What does this mean for the WMS? At a simplistic level, a WMS issues an instruction to move an item from point A to point B and the “system” works out how to do it. From a WMS perspective the information required to manage the flow of items through the warehouse is more or less the same whether they are handled by conventional or automated equipment. Despite achieving often very high levels of accuracy, and no matter how well designed, systems which incorporate people-based interactions always contain a risk of human-error. Properly configured automated processes, on the other hand, should eliminate such potential errors and deliver even higher levels of accuracy and speed. However, this assumes that information is correct at all stages of the supply chain which is not always the case. Therefore, additional checks may be required before items enter the “automated” sections of the supply chain to minimise subsequent errors and WMS may need to incorporate new/different exception handling capabilities to capture the small number of errors that remain.

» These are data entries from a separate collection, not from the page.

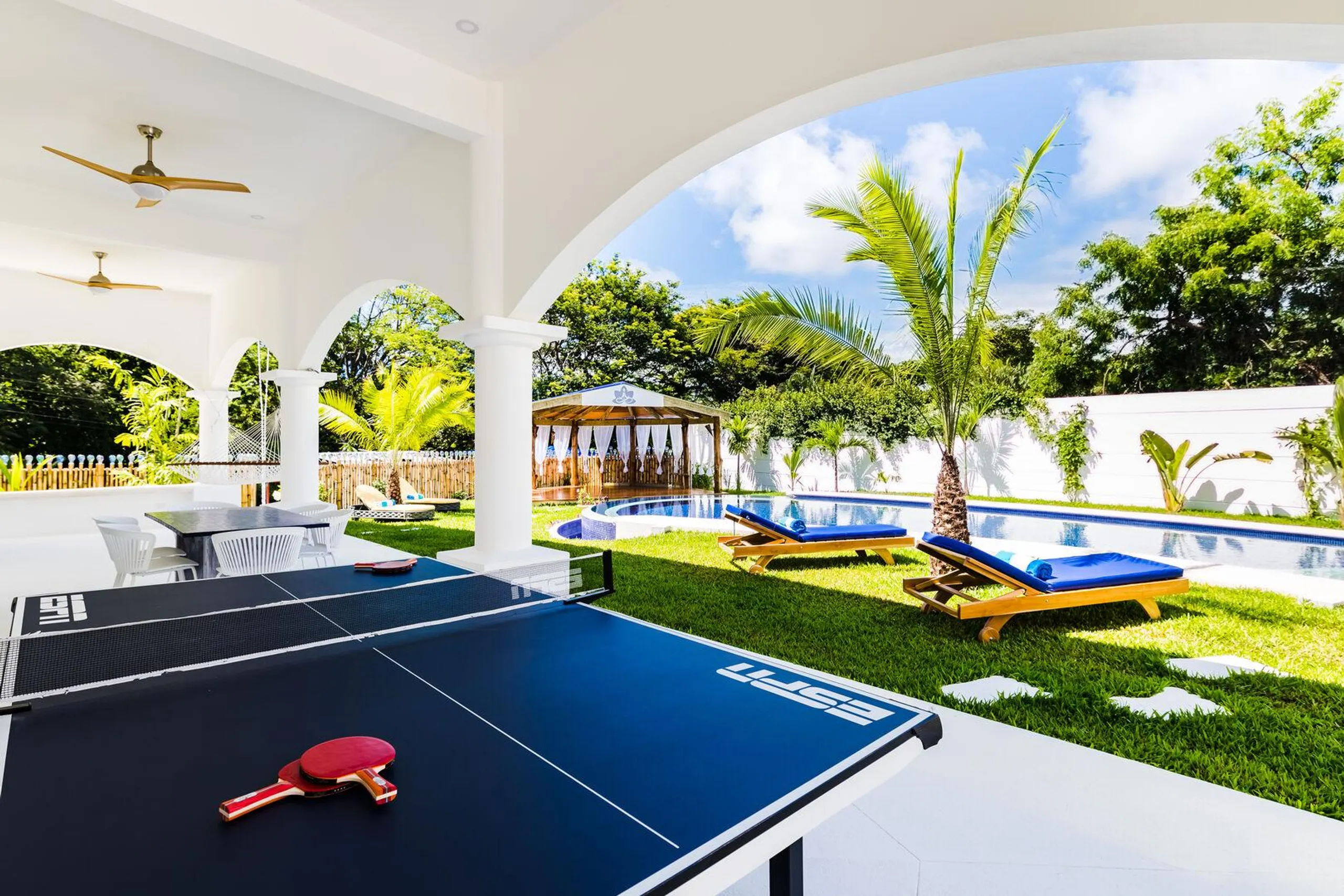 Regal Playa Langosta Villa with Gorgeous Pool and Garden Grounds — photograph 4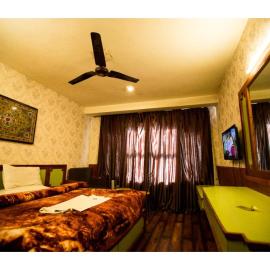Standard Hotel And restaurant, Srinagar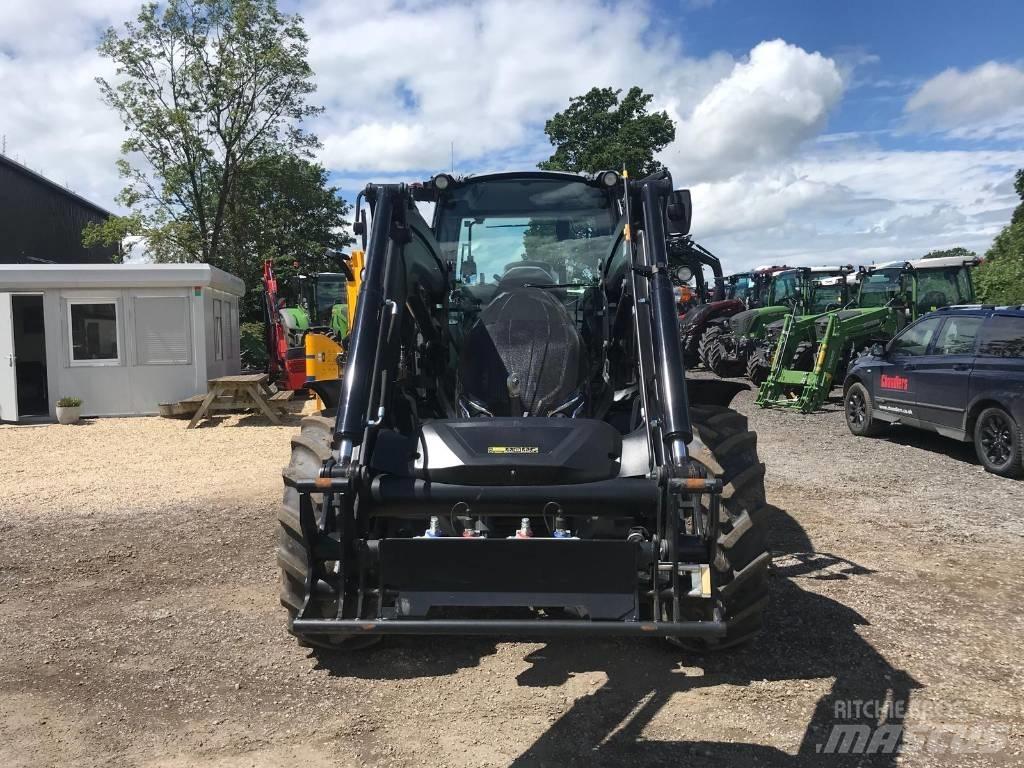 Valtra G 135 A Traktori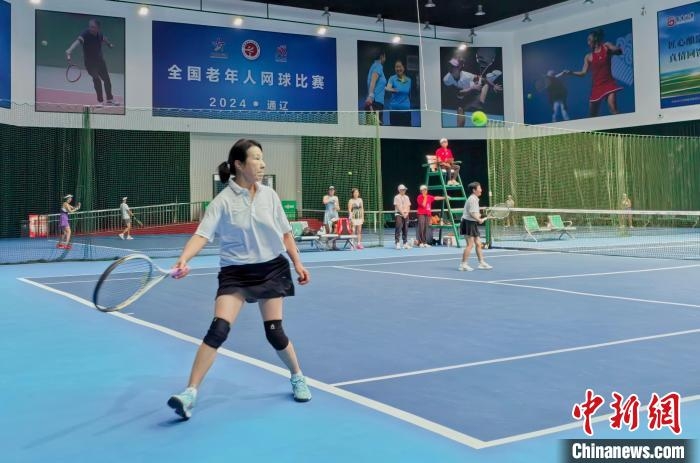 2024年全国老年人网球比赛在内蒙古通辽开赛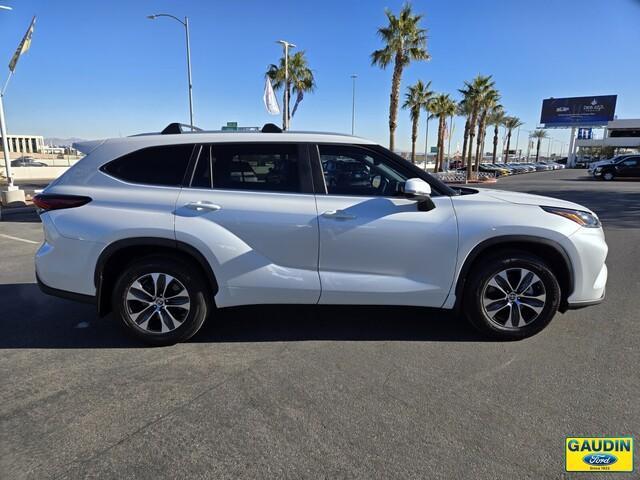 used 2024 Toyota Highlander car, priced at $44,900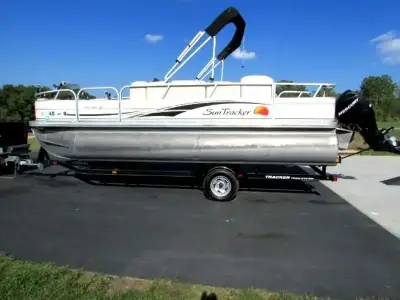 Sun Tracker Fishin Barge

With fixed-position equipment the tasks involved are repetitive and relatively predictable. The control systems work with the WMS to work out what to do, in real-time and with high levels of accuracy. Things can be more complex if there is a choice or decision to be made. This might be the case, for example, if manual and automated picking are taking place simultaneously. In this example, the WMS and robotic equipment should work together to “decide” which is the most efficient way to complete the pick. Much if not all of this can itself be automated or pre-programmed with the decisions made by the systems based on predetermined rules or logic. For example, if a single item needs to be picked quickly for rapid despatch the best option could well be to instruct an operative to complete the task. Or it might not be. The point is, a well-designed and configured system will be able to make this type of decision based on its underlying programming, perhaps using a growing and evolving knowledge base of historic data. In other words, the system learns over time (sometimes a very short time) what is the best solution to any given new task. None of this is rocket science in the WMS world and many systems work this way. But the emergence of new forms of AI could take this decision making in new directions because the underlying systems will identify new patterns and be able to respond more flexibly than current systems.
Most operators with an existing facility will see the biggest benefit from automating certain aspects of their warehouse, most likely the high-volume and fast-moving areas. WMS such as ProWMS enterprise-level Advanced Warehouse Management have the inherent flexibility to support whatever processes (and changes) the operator decides. Ideally this will be achieved with minimal recoding. However, with its own modular design, ProWMS allows operators to add new functions and processes such as voice, pick-and-pack and so on whenever they choose rather than expecting them to specify a fully featured application from day one. This modular model also sits well with a rapidly evolving ecosystem such as we are currently seeing with new types of robots and automation. This is because creating a new module typically avoids the complexities of reworking a larger, non-modular code base.